„Sanatorium miłości 3”. Edward Kubacki o partnerce
„Sanatorium miłości” podbiło serca widzów! Nowy program Telewizji Polskiej przedstawiający losy bohaterów uczestniczących w wyjątkowym turnusie zadebiutował na antenie telewizyjnej „Jedynki” w styczniu 2019 roku, a rola prowadzącej przypadła w udziale niezawodnej Marcie Manowskiej. Projekt nadal cieszy się sporym zainteresowaniem odbiorców, a już wiadomo, że powstanie kolejny sezon! Fani „Sanatorium…” już czekają więc na nowe odcinki, a tymczasem w kolorowych mediach pojawiają się nowe informacje na temat bohaterów poprzednich edycji. W „Sanatorium miłości 3” pojawił się m.in. Edward Kubacki. Emerytowany policjant początkowo wzbudzał mieszane uczucia zarówno wśród pozostałych kuracjuszy, jak i wśród… widzów! Edward dał się bowiem poznać jako osoba otwarcie wyrażająca swoje – czasem kontrowersyjne – opinie na dane tematy. Z czasem Edward pokazał jednak swoje inne, łagodniejsze oblicze, a fani programu mocno trzymali kciuki za jego dalsze poczynania. Niedługo po zakończeniu emisji show TVP z Edwardem los się do niego uśmiechnął! Mężczyzna poznał tajemniczą Hannę, a para zapałała do siebie uczuciem. Teraz Edward i jego ukochana podjęli ważny krok, a mianowicie… zamieszkali ze sobą!
Zamieszkaliśmy razem! W moim domu. Hania spakowała całą swoją garderobę - a butów to ma chyba z 200 par - i przeniosła się do mnie. Jestem z tego powodu bardzo zadowolony! – przyznał w rozmowie z portalem: „Pomponik”.
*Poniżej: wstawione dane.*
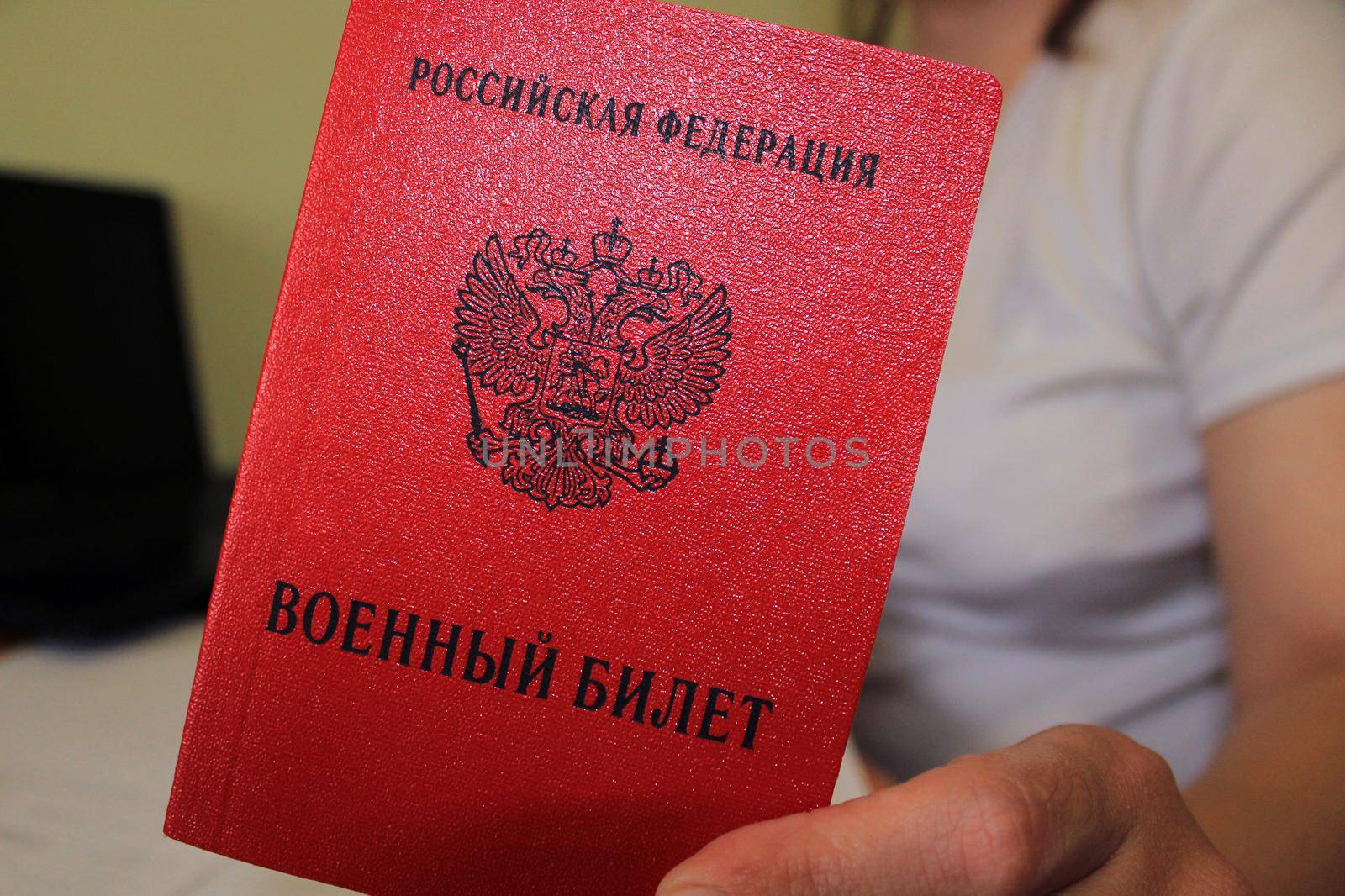 The girl holds in her hand a military ID issued by the Russian Federation. Close-up, blurred background. The concept of mobilization.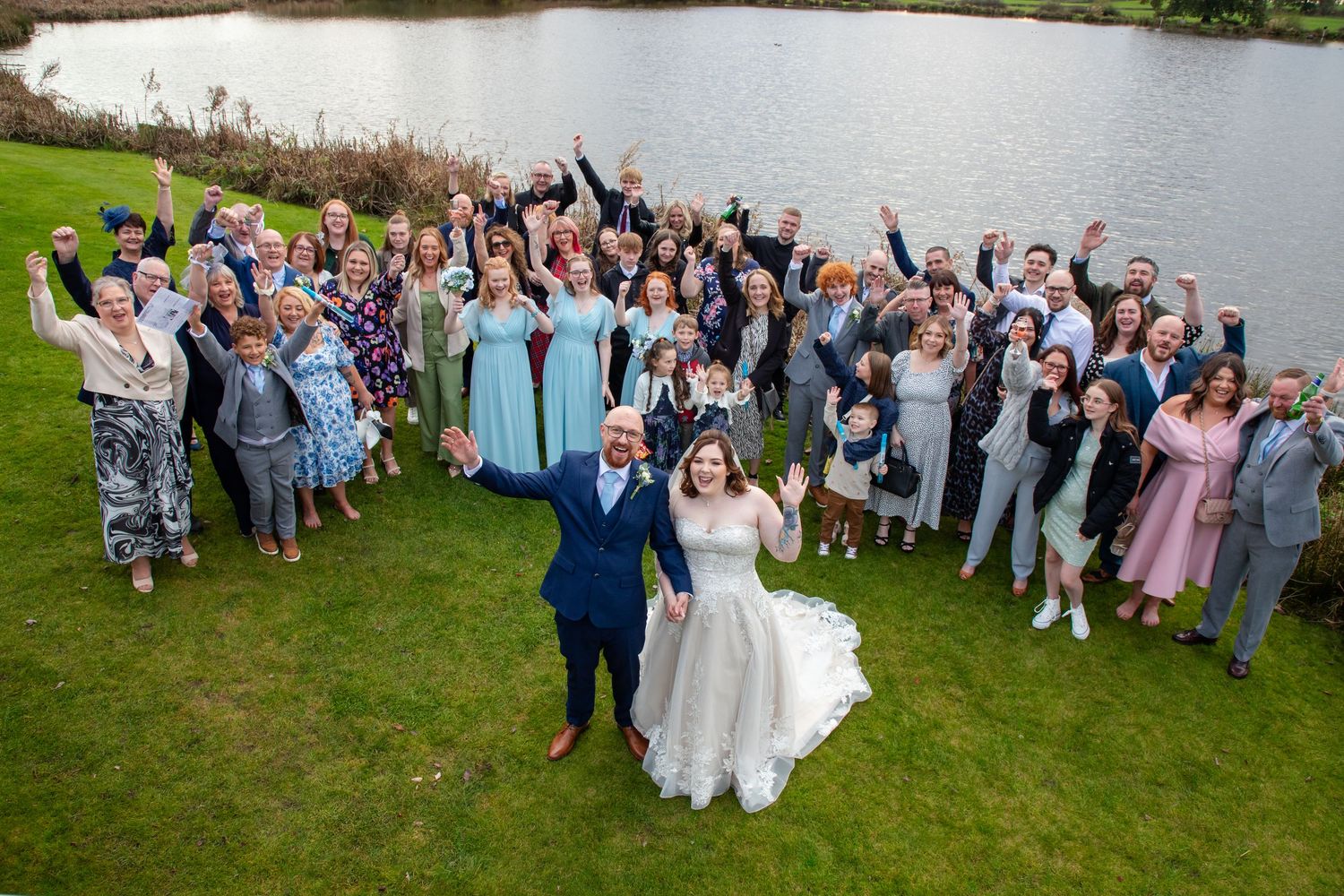 Large wedding party poses for group photos on a grassy lawn beside a lake during an outdoor celebration.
Edward z „Sanatorium miłości” po programie
We wspomnianym wywiadzie charakterystyczny uczestnik „Sanatorium miłości” odniósł się również do swojego stanu zdrowia – kilka tygodni temu Kubacki przeszedł bowiem operację, a w tym trudnym czasie mógł liczyć na wsparcie partnerki:
(…) Miałem operację prawego ucha. Czekałam na nią trzy i pół roku. Jeszcze nie doszedłem w pełni do siebie, ale wszystko jest na dobrej drodze. Opiekowali się mną wspaniali lekarze (…), Hania też czuwała przy mnie, ale tylko przez telefon, bo wciąż jest ta (…) pandemia (…).
W swojej wypowiedzi dla „Pomponika” Edward otwarcie odpowiedział też na pytanie dotyczące fizycznego aspektu jego relacji z Hanną:
(…) Odkrywaliśmy to stopniowo i teraz możemy powiedzieć, że jest idealnie. Miłość i seks idą u nas w parze. Inni mogą nam zazdrościć! (…).
Partnerka Edwarda – którą kiedyś pieszczotliwie określił mianem „kociaka” – zajmuje w życiu mężczyzny bardzo ważne miejsce, o czym świadczyć może m.in. fakt, iż przedstawił ją swoim najbliższym. Pojawiły się też pierwsze ślubne plany!
(…) Rozmawiamy o tym. Przedstawiłem już Hanię mojej 90-letniej mamie, którą się opiekuję i moim dorosłym córkom. Wszyscy ją polubili. Na razie zgodziła się przyjąć ode mnie tylko bransoletkę i to srebrną, bo złotej nie chciała, choć nalegałem (…).
Panu Edwardowi i jego partnerce życzymy wszystkiego, co najlepsze!